Poland, 1965, 120 minutes, Black and white.
Directed by Andrzej Wajda.
Ashes is a monumental Polish film from the mid-'60s. It takes the Napoleonic Wars in the style of War and Peace, focuses on Polish nobility and their life, the Polish questions of the Austrian empire, freedom and independence and the reliance on Napoleon and the French armies for Polish freedom. The film is a story of society, battles, defeats.
The film was photographed strikingly in black and white. Many of the battle scenes are memorably portrayed. The hardships and pathos of war are vividly shown. The characters are not so clearly drawn - more familiar to Polish audiences. There is a striking musical score.
The film was directed by Andrej Wajda, who was to become one of the leading directors of the Polish film industry during the '70s and the '80s. His films include the monumental stories of Solidarity, Man of Marble and Man of Iron. He also made the film of Danton with Gerard Depardieu. With the changes politically in the late '80s, he became a politician in his native Poland.
1. The impact of the film? Polish nationalism and history? The significance of Poland in the 18th and 19th century Europe?
2. The black and white photography, the picture of elegant society, of people on the land?
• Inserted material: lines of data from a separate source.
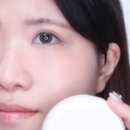 올리브영 쿠션 추천 모공 커버력 좋은 가벼운 제형 / 코스노리 플러핏 쿠션 후기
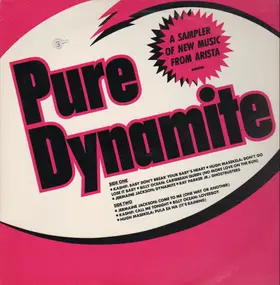 Various Artists - Pure Dynamite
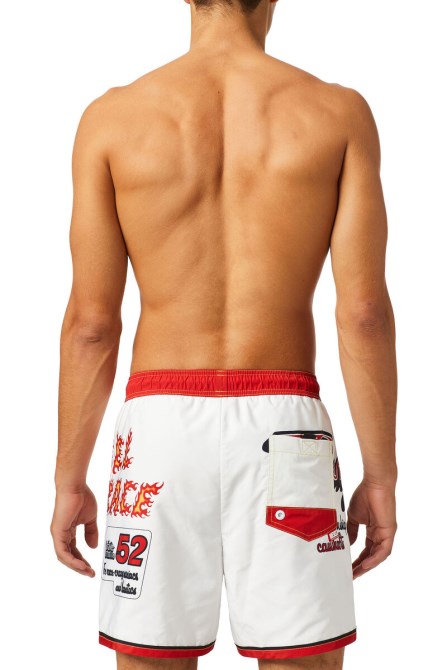 Bmbx-wave-b Diesel Weiß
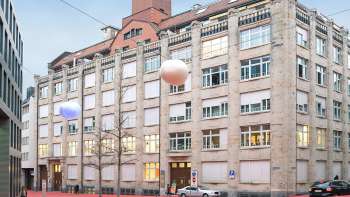 Haus Pacific (Maison Pacific)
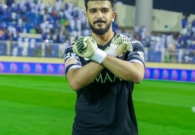 قبل كلاسيكو الاتحاد.. أرقام المعيوف مع الهلال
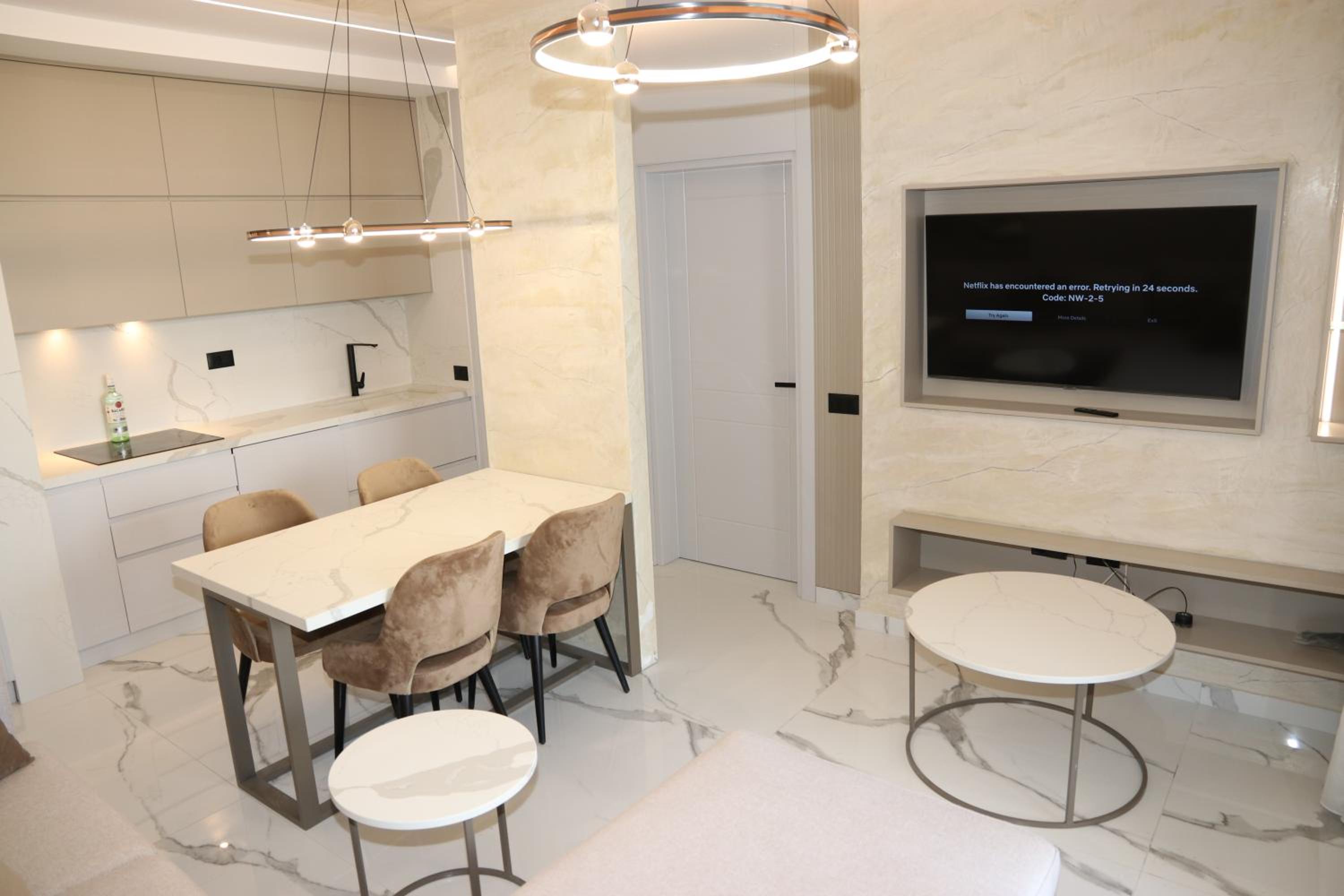 MERXHAN`S Apartment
The armies, the battles, the violence and suffering? The retreat from Moscow? The atmospheric musical score?
3. Audience knowledge of the Napoleonic Wars? Poland and its alliance with France? The Austrians and the defeat of Napoleon? Battles in Austria, following Napoleon's war in Spain? The attack on Moscow - and the fiasco of the retreat? The presentation of the Napoleonic war - the vivid sequences, battles, horses riding, the confrontations?
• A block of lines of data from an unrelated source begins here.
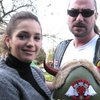 Дочь Тимошенко приняла участие в антикризисном съезде байкеров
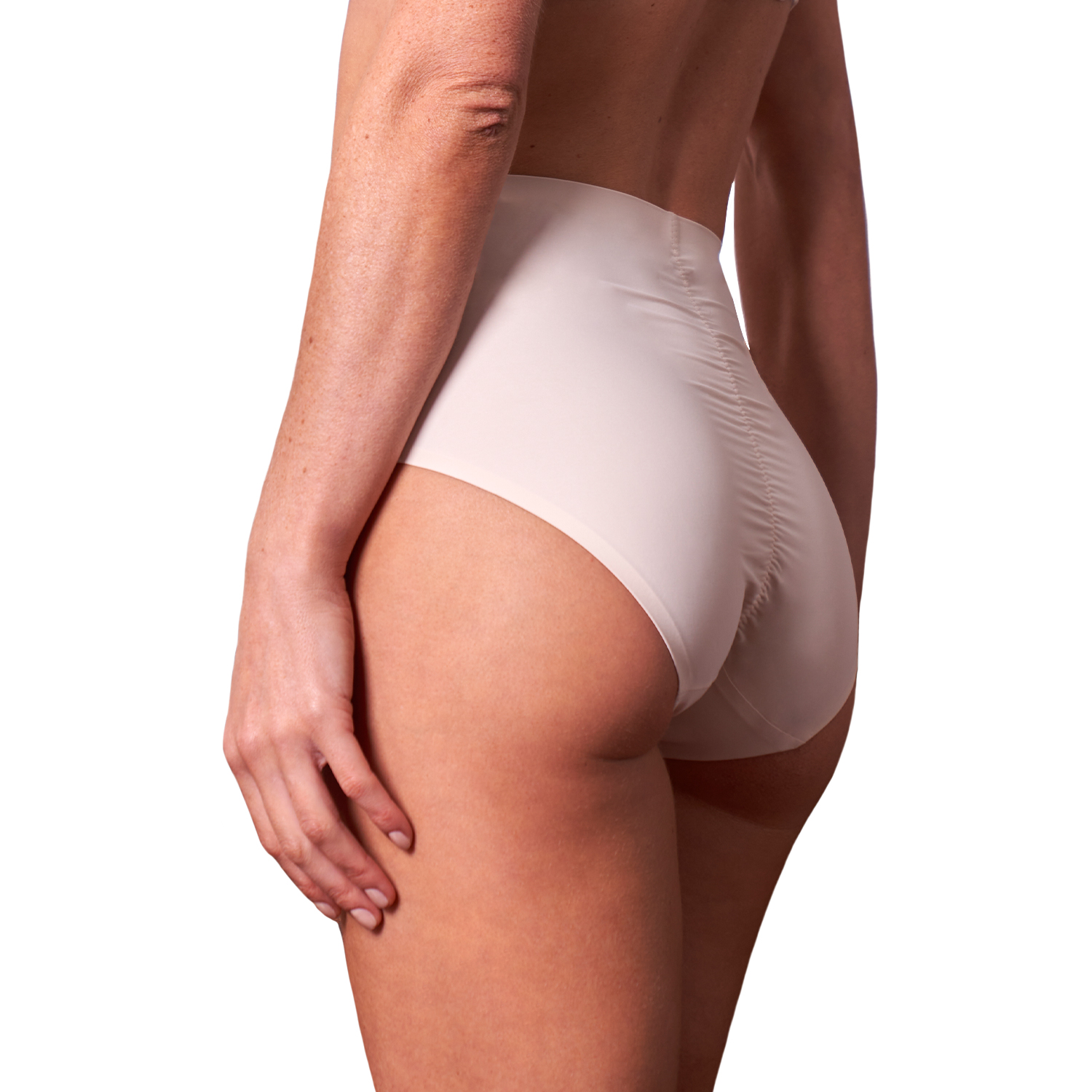 CALZON TERMOELASTICADO CONTROL ABDOMEN 20375 - 2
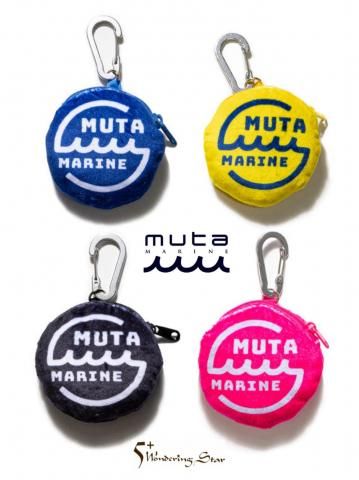 【新品】muta MARINE ムータマリン　スカート　ベージュ　ロゴ　ゴルフ muta MARINE GOLF – Page 2 – muta Online Store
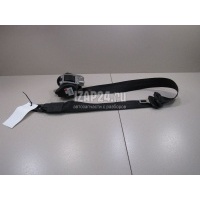 Ремень безопасности с пиропатроном VAG A6 [C6,4F] (2004 - 2011) 4F0857705V04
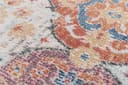 the carpet Teppich Palma | Mehrfarbig 3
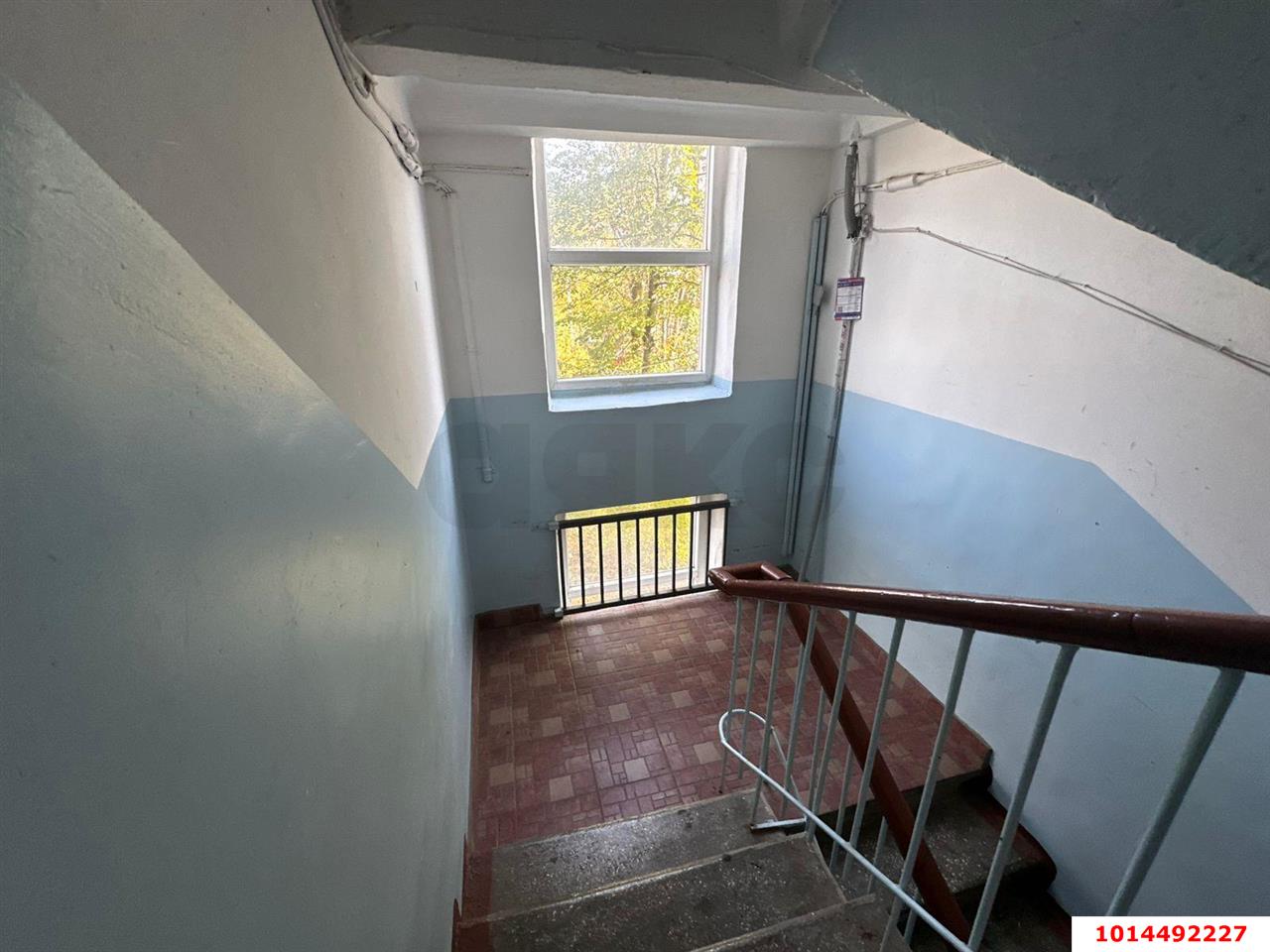 Фото №17: 1-комнатная квартира 33 м² - Краснодар, имени Н.И. Вавилова, ул. Вавилова, 5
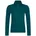 Refabriz Fleece Mit Halbem Reißverschluss Rainstorm Blue S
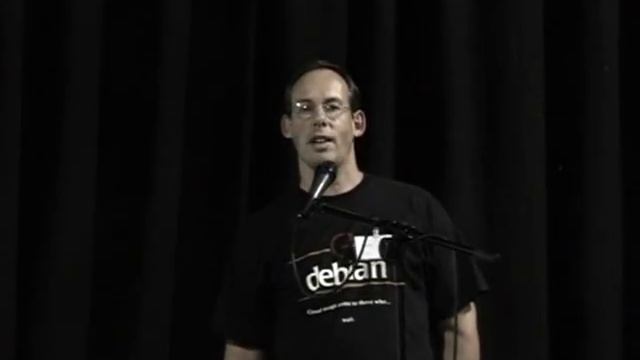 Debian Installer - an update смотреть онлайн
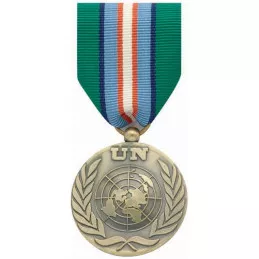 Médaille Commémorative ONU - UNTAK CAMBODGE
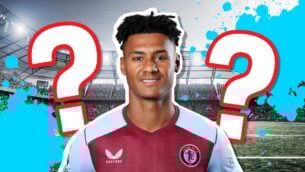 The Trickiest Ollie Watkins Quiz!
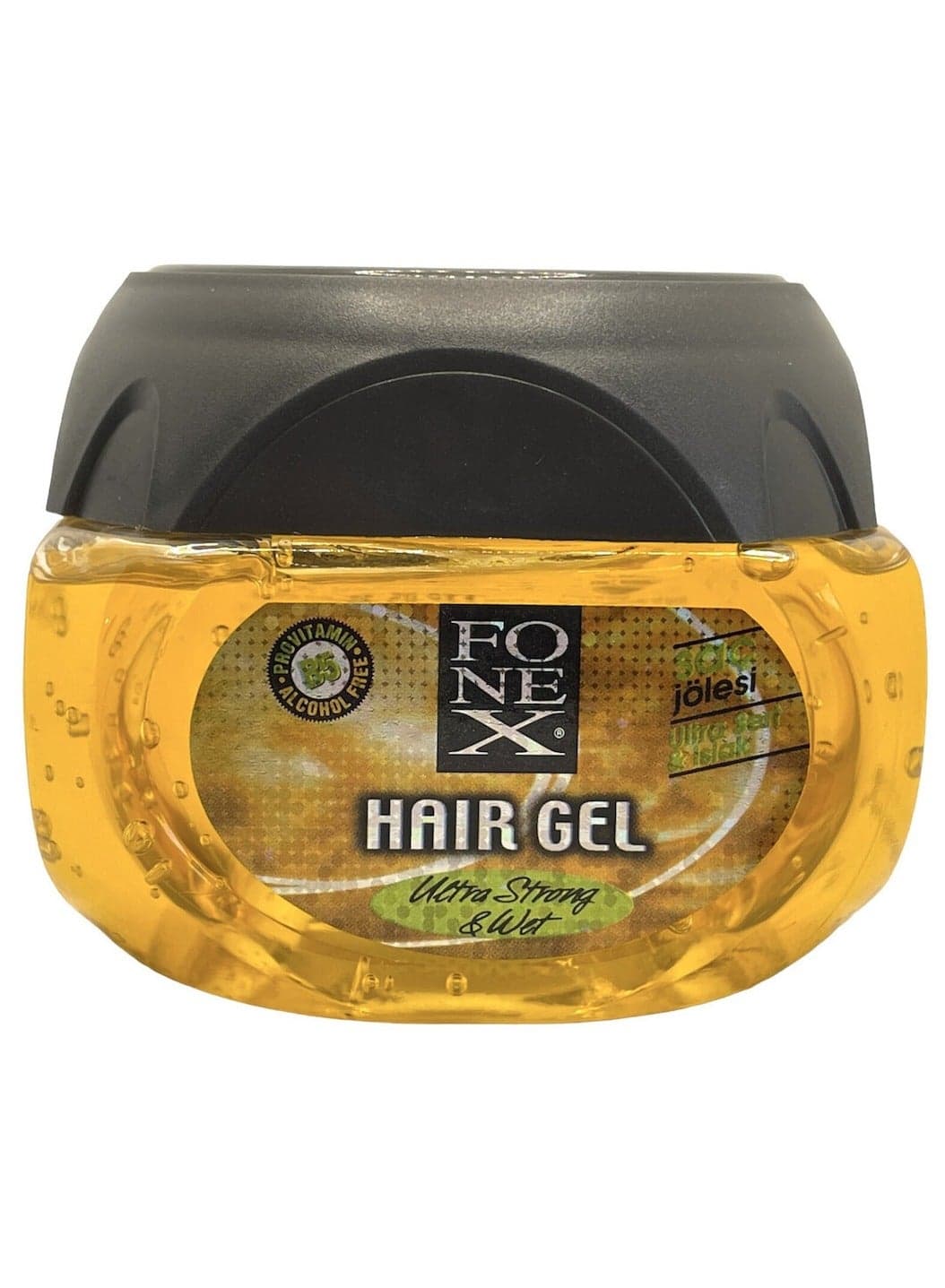 جل شعر قوي للغاية ورطب 150 مل Men's Shaving Creams, Lotions & Gels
4. Polish society, wealth, 18th and 19th century elegance? Nobility? The background of the church? The background of Freemasonry and its solidarity - men and women, the rituals for entering Freemasonry? The consequences?
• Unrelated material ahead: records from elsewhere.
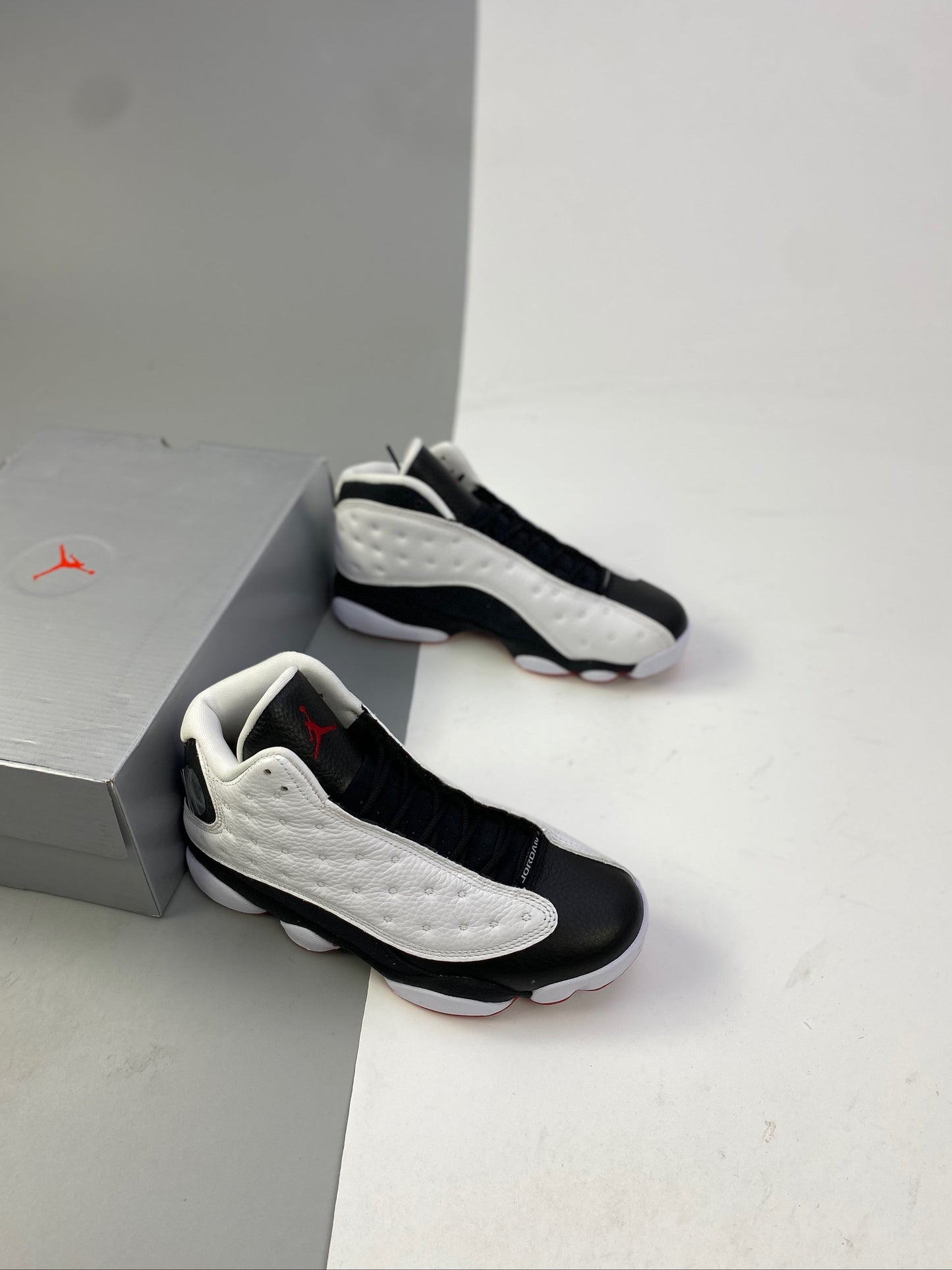 13 He Got Game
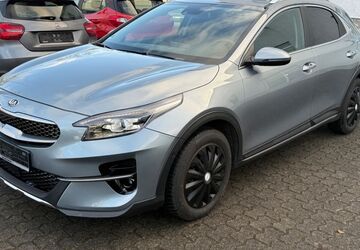 Kia XCeed 22.000 km 21.500 &euro; Völklingen 66333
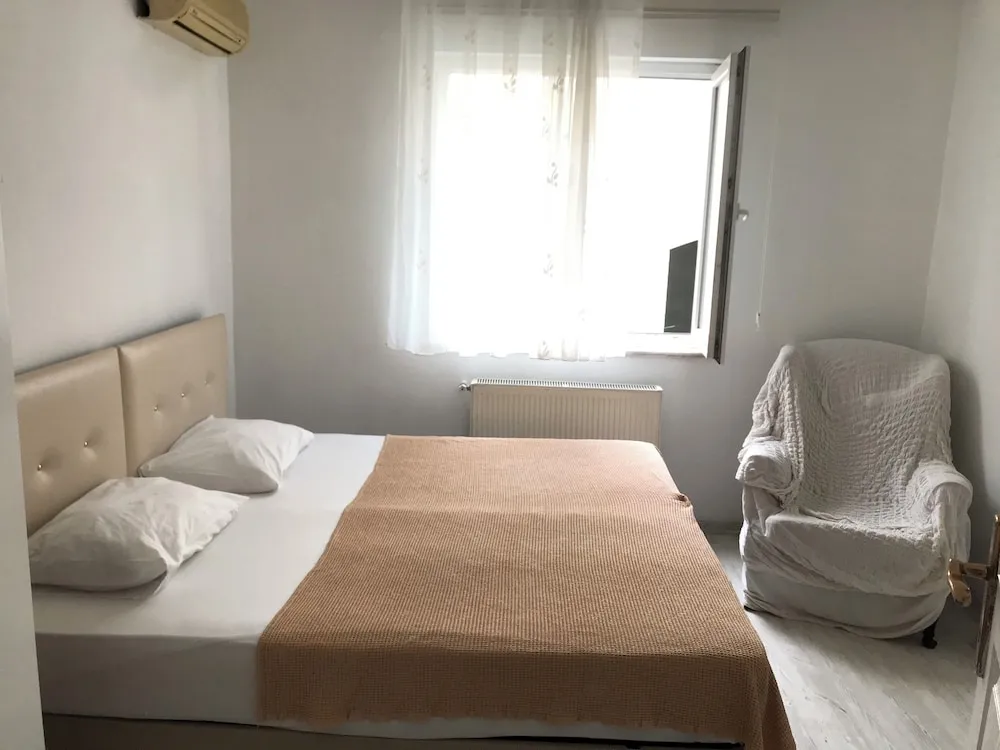 Classic Stüdyo Süit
5. The decision of the Polish men to fight with Napoleon, their involvement with the battles, the hardships? Leadership? The Spanish sequences, the violence of the war, the defeats? The impact on Napoleon? On the French? The deaths of the Poles?
6. The picture of men in war, violence, the fights? The style of battle at the period, close combat? Wounds and death? The violence towards ordinary citizens, murder, rape - the convent and the nuns? The violent hangings, the burning of property? The ruthlessness?
7. Rafael and his cousins? Ordinary young Poles, patriotism? Situating them in their lifestyle - Rafael and his father, the attack of the wolves, the horse? His initiation into the Masons? His relationships, falling in love? His going to battle, disillusionment? The violence? His return, the building of the house - and the march on Moscow and its defeat?
8. The Polish nobility, the young men, their hopes, joining in battle? The disillusioning experiences?
9. The older generation, their attitudes towards the young men, war, Polish independence? The women, place in society, personal relationships?
10. A film of the '60s - Poland's political perspectives in the '60s, Communism, Catholicism, looking back at Polish history and independence, relationships with Russia? The scope of Polish film-making and style in the '60s?